German theoretical physicist

Lucy Mensing, later Mensing-Schütz or Schütz, (11 March 1901 – 28 April 1995) was a German physicist and a pioneer of quantum mechanics.

She may have been the first person to apply quantum mechanics to diatomic molecules.

== Scientific career ==
Mensing studied mathematics, physics and chemistry at the University of Hamburg. During her studies she specialized in theoretical physics. In 1923/24 she wrote a thesis in which she applied the older quantum hypothesis based on Bohr-Sommerfeld's theory, which assumes electron trajectories, to diatomic molecules. This work was published in the Zeitschrift für Physik in 1925. In 1925 she received her doctorate under Wilhelm Lenz with a thesis on the influence of electric fields on the width of spectral lines.

After her doctorate, she got the opportunity to come to Göttingen and take part in the development of quantum mechanics, where she was advised by Pascual Jordan. She studied the rotational spectrum of diatomic molecules using the methods of matrix mechanics.

After Wolfgang Pauli's treatment of the hydrogen atom, this was one of the first applications of the new quantum mechanics to physical systems. In the course of this work she was the first to find the permissible values for the quantum mechanical orbital angular momentum. The results were published in the Zeitschrift für Physik in 1926.

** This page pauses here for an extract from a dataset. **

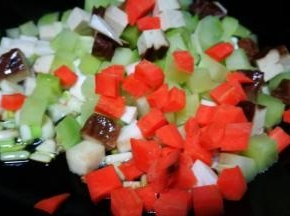 把所有菜丁熏干丁倒入锅中翻炒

In Hamburg she worked together with Wolfgang Pauli on the calculation of the electrical polarizability of gases from diatomic molecules with the help of matrix mechanics. The result was also published in 1926 in the Physikalische Zeitschrift. This work was another milestone in the application of quantum mechanics.

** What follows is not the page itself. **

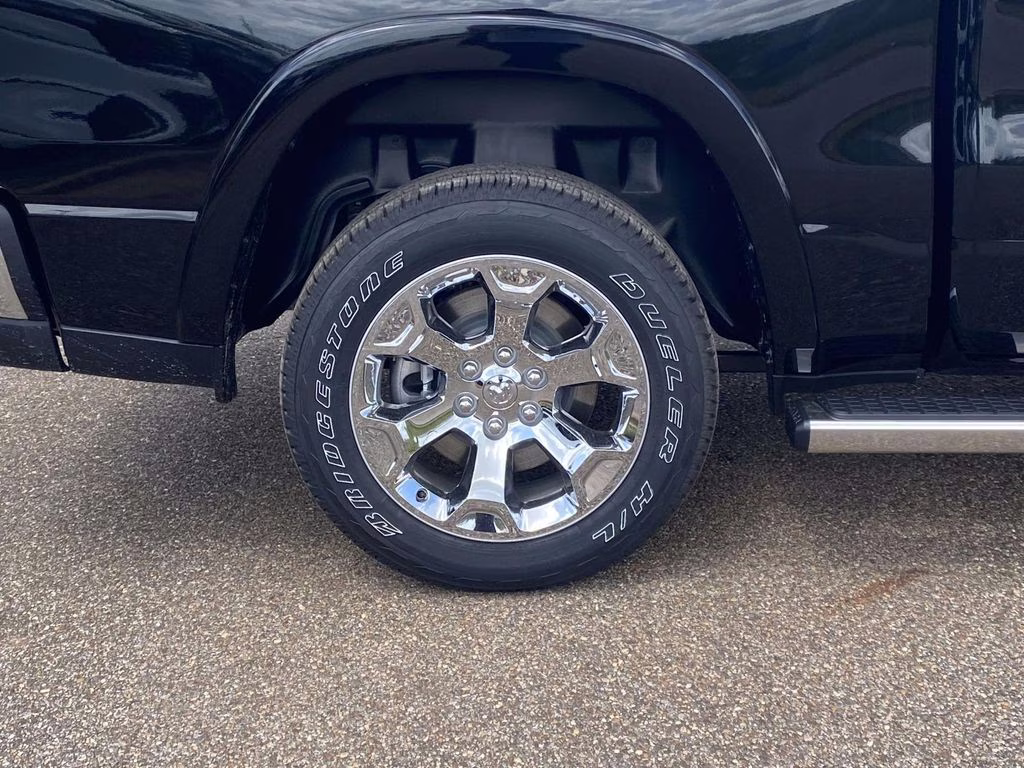 2026 Diamond Black Crystal Pearlcoat Ram 1500 Big Horn/Lone Star 4X4 Truck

She then published in 1926 on the matrix mechanics applied to the partial Paschen-Back effect in continuation of the work of Werner Heisenberg and Pascual Jordan.

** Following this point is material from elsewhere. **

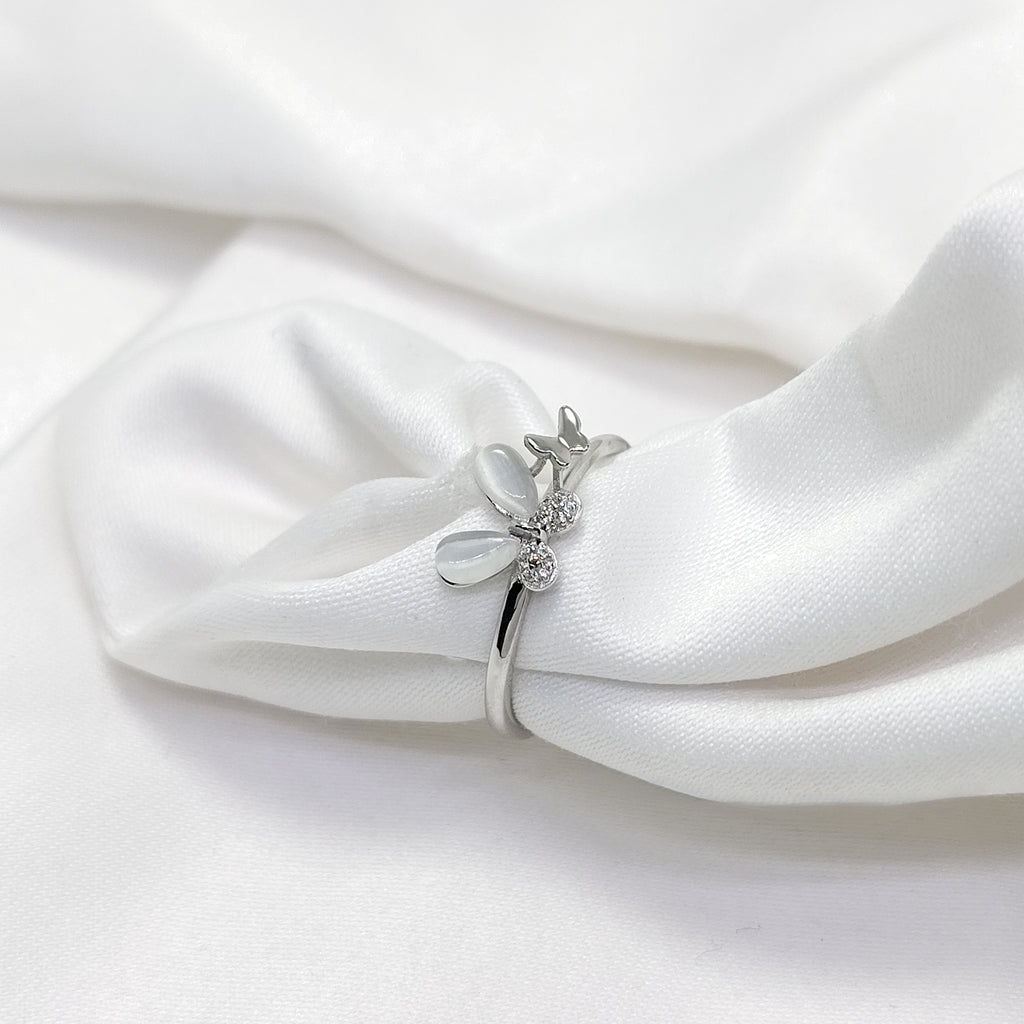 Trendy Butterfly Crystal Ring – 925 Sterling Silver Adjustable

In 1926, Alfred Landé offered her a position in Tübingen, which she accepted. There she considered the scattering of slow electrons on atoms, about which she wrote a publication in 1927.

She published her last journal article in 1930 on the broadening of spectral lines.

== Private life ==
Lucy Luise Martha Mensing was born in Hamburg. Her parents were the merchant Hermann Mensing and his wife Martha.

In Tübingen she met the physicist Wilhelm Schütz (1900–1972). He had received his doctorate from Walther Gerlach, and dealt experimentally with spectroscopy. Later he was a professor in Jena. At the time they met, he was assistant to Walther Gerlach. The two married in 1928. After the birth of her first son in 1930, she ended her scientific career and mainly took care of her family. She had a second son and two daughters. Lucy Mensing continued to follow what was happening in physics, maintained contacts with colleagues, and supported her husband in his work, for example by preparing scripts for his lectures. As a contribution to her husband's 1936 Handbuch der Experimentalphysik, she wrote a section on the quantum mechanical theory of the Faraday effect. She had a lifelong friendship with Ernst Ising.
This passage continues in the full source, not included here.